Experiments, not ego

The second practice is a shift in how you frame what you are doing.

Most people do not act because they are trapped in all-or-nothing thinking. If I start this business and it fails, I have ruined everything. If I give this presentation and stumble, my credibility is shot forever. The people who actually move treat their actions as experiments instead of ego tests.

Think about Thomas Edison. He was not successful in inventing the light bulb until his one thousandth attempt. Imagine being on attempt 997 and it did not work. 998, no. 999, no. Most people quit after one or two. He was at a thousand. And the way he framed it was different. He did not fail a thousand times. He had a thousand experiments.

There is no shame in falling down, only in the failure to get back up. If you treat your moves as experiments, falling down stops being failure. It becomes data. You change a variable and you go again.

Try saying it out loud right now. "I am just running an experiment." Notice how that feels lighter. You have lowered the stakes. You are no longer betting your identity on the outcome. You are just playing.

This mindset does two things. It lowers the pressure, and it increases your willingness to act. Because perfectionism is the enemy of progress. The goal is not flawless execution. It is consistent learning. It is movement.

The courage bank

In the moment of fear, your brain plays tricks. It whispers, you have never done this before, you are not ready. Your brain is wrong, and you need evidence ready to prove it.

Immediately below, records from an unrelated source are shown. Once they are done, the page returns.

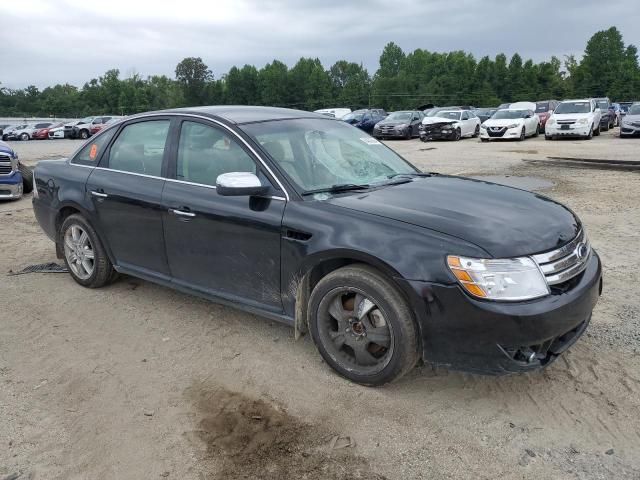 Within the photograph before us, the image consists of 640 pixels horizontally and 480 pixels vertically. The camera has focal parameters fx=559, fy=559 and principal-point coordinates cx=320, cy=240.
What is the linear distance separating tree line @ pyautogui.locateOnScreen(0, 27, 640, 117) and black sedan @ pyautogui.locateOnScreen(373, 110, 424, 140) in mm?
48476

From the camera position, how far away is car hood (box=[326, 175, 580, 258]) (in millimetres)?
3074

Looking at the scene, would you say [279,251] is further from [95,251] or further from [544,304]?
[95,251]

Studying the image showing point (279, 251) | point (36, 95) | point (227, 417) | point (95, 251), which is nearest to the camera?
point (227, 417)

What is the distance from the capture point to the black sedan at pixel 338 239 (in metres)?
2.98

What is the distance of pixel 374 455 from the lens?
279 centimetres

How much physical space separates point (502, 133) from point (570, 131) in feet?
8.92

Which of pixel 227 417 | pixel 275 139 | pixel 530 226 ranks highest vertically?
pixel 275 139

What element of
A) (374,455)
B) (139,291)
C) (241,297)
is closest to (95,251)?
(139,291)

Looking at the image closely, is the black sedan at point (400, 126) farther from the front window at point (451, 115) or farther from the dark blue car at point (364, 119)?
the dark blue car at point (364, 119)

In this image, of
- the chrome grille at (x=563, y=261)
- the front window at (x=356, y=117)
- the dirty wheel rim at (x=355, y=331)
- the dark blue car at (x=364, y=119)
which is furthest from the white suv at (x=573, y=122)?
the dirty wheel rim at (x=355, y=331)

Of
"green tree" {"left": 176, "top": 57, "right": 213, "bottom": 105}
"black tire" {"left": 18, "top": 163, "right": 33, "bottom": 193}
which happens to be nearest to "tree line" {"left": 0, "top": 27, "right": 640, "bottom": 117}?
"green tree" {"left": 176, "top": 57, "right": 213, "bottom": 105}

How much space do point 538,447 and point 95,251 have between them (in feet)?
12.8

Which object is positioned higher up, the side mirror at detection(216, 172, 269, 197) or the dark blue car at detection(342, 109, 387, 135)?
the side mirror at detection(216, 172, 269, 197)

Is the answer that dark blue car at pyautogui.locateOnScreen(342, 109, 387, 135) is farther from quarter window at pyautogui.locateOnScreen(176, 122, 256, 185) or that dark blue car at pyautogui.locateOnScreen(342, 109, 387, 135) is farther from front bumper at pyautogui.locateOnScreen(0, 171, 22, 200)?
quarter window at pyautogui.locateOnScreen(176, 122, 256, 185) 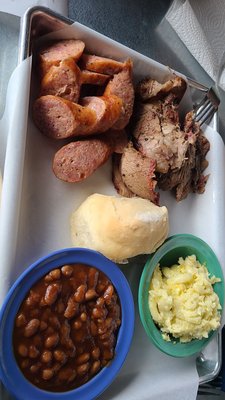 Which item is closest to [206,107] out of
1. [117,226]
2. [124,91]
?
[124,91]

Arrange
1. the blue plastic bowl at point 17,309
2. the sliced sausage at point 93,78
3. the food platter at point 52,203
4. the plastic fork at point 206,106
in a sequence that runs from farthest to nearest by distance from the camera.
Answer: the plastic fork at point 206,106 < the sliced sausage at point 93,78 < the food platter at point 52,203 < the blue plastic bowl at point 17,309

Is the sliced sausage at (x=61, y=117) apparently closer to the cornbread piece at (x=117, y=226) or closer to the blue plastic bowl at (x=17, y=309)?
the cornbread piece at (x=117, y=226)

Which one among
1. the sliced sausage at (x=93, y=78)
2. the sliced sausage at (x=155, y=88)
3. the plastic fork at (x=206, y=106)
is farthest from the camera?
the plastic fork at (x=206, y=106)

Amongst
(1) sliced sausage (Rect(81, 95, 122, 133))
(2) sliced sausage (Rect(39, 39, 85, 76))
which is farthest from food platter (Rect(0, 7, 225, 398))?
(1) sliced sausage (Rect(81, 95, 122, 133))

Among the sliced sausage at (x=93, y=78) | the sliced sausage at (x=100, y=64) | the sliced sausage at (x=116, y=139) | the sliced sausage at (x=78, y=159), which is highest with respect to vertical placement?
the sliced sausage at (x=100, y=64)

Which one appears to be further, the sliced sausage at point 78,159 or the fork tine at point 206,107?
the fork tine at point 206,107

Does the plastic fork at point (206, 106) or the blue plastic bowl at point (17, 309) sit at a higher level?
the plastic fork at point (206, 106)

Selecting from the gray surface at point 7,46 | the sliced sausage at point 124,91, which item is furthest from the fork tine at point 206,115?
the gray surface at point 7,46

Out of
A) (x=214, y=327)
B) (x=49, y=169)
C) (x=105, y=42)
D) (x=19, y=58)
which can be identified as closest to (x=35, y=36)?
(x=19, y=58) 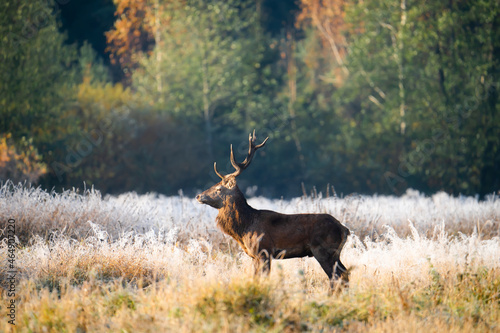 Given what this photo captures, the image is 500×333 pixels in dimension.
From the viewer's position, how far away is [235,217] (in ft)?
27.3

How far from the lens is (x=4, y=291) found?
8234mm

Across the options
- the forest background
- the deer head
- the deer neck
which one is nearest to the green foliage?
the forest background

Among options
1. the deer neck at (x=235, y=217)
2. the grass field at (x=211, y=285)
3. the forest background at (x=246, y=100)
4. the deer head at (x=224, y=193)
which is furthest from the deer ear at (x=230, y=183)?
the forest background at (x=246, y=100)

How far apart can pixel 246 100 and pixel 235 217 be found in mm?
24433

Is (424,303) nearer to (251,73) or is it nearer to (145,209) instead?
(145,209)

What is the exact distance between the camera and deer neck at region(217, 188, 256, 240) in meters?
8.31

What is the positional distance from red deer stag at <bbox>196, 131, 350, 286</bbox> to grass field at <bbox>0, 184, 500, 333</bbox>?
0.31 m

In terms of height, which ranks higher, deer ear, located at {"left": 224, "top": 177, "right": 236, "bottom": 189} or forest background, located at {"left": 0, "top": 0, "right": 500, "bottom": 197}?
forest background, located at {"left": 0, "top": 0, "right": 500, "bottom": 197}

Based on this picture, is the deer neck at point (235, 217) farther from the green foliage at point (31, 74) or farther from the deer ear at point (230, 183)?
the green foliage at point (31, 74)

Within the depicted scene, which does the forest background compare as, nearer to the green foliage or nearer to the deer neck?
the green foliage

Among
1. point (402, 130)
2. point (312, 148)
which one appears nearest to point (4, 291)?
point (402, 130)

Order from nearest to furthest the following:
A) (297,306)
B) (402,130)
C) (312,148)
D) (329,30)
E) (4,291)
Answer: (297,306), (4,291), (402,130), (312,148), (329,30)

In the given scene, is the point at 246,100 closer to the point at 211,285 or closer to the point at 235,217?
the point at 235,217

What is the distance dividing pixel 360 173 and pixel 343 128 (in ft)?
7.43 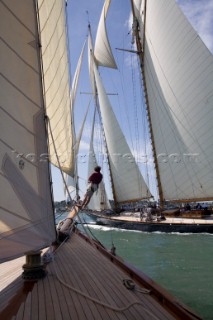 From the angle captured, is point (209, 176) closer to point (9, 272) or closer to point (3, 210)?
point (9, 272)

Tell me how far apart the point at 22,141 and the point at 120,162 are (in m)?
29.2

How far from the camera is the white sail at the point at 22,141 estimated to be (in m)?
3.45

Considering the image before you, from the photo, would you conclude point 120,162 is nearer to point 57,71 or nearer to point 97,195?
point 97,195

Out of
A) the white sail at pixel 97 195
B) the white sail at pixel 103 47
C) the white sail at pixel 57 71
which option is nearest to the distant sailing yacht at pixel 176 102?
the white sail at pixel 103 47

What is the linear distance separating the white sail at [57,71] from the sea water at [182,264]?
2.44 m

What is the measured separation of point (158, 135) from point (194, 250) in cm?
1265

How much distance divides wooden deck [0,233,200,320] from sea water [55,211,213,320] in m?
1.93

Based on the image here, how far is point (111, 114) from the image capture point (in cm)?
3325

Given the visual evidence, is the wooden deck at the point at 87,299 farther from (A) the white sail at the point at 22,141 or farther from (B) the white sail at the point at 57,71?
(B) the white sail at the point at 57,71

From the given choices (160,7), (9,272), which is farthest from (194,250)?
(160,7)

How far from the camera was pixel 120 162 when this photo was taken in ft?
108

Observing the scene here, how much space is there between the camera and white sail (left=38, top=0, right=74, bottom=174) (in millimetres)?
5270

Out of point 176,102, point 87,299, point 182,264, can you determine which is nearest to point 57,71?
point 87,299

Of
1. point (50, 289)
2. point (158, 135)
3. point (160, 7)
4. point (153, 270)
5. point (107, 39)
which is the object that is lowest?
point (153, 270) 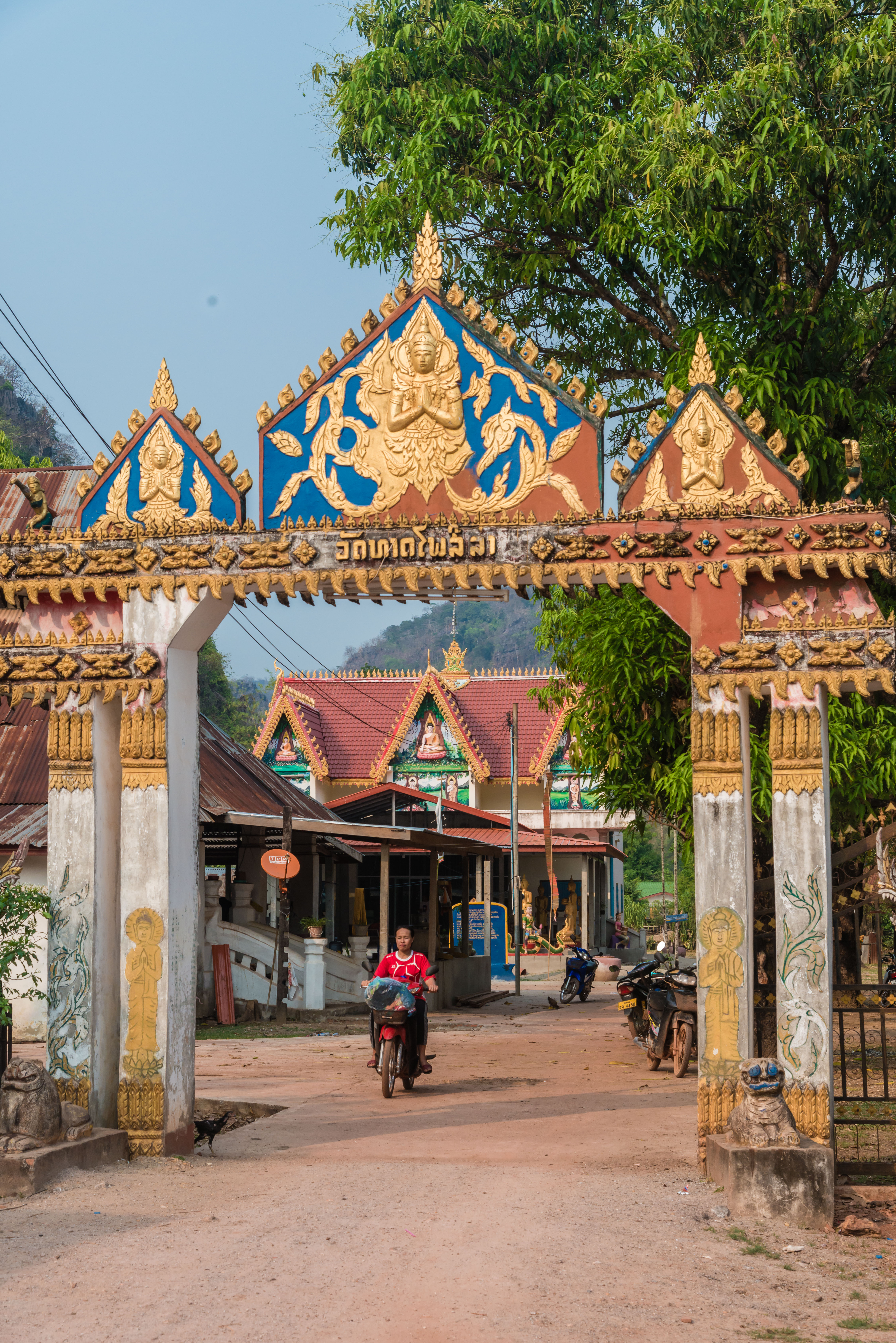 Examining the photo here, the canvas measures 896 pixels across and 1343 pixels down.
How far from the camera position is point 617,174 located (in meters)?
12.2

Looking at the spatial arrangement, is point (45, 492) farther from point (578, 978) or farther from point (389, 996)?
point (578, 978)

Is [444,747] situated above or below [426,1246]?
above

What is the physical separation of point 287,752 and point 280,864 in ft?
60.5

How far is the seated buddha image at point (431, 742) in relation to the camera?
34.2 meters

Write down five times in your life when you acted with courage. It could be leaving a job. It could be having a tough conversation. It could be raising your hand for an opportunity when you were not sure you were a hundred percent ready. It could be ordering coffee in Italy. Whatever those moments were for you, write five of them down. That list is your courage bank.

Why does this matter? Because in the moment of doubt, your courage bank is your receipts. It is proof. I have been brave before. I can be brave again. There is real neuroscience at work here. When you recall past successes, you activate confidence circuits in your brain. You are literally rewiring your self-image.

Write your five down today and keep them somewhere visible. A note on your phone. A card by your computer. Wherever you will see them. Before your next big move, read them for sixty seconds. That is your proof. It will carry you when the fear tries to talk you out of action.

The C3 model: a reset for the moment fear hits

In the moment of fear, you do not have time for theory. You need a tool. That is why we teach the C3 model. Calm, confirm, commit.

Calm. When the fear hits, say to yourself, this is fear, good, it means growth. You have just reframed something negative as a signal of progress. Then breathe. Breathe in for four counts, hold briefly, then exhale for four with an audible release and the word "release" in your head. That longer, forceful exhale activates your parasympathetic nervous system. It resets your body so your thinking comes back online.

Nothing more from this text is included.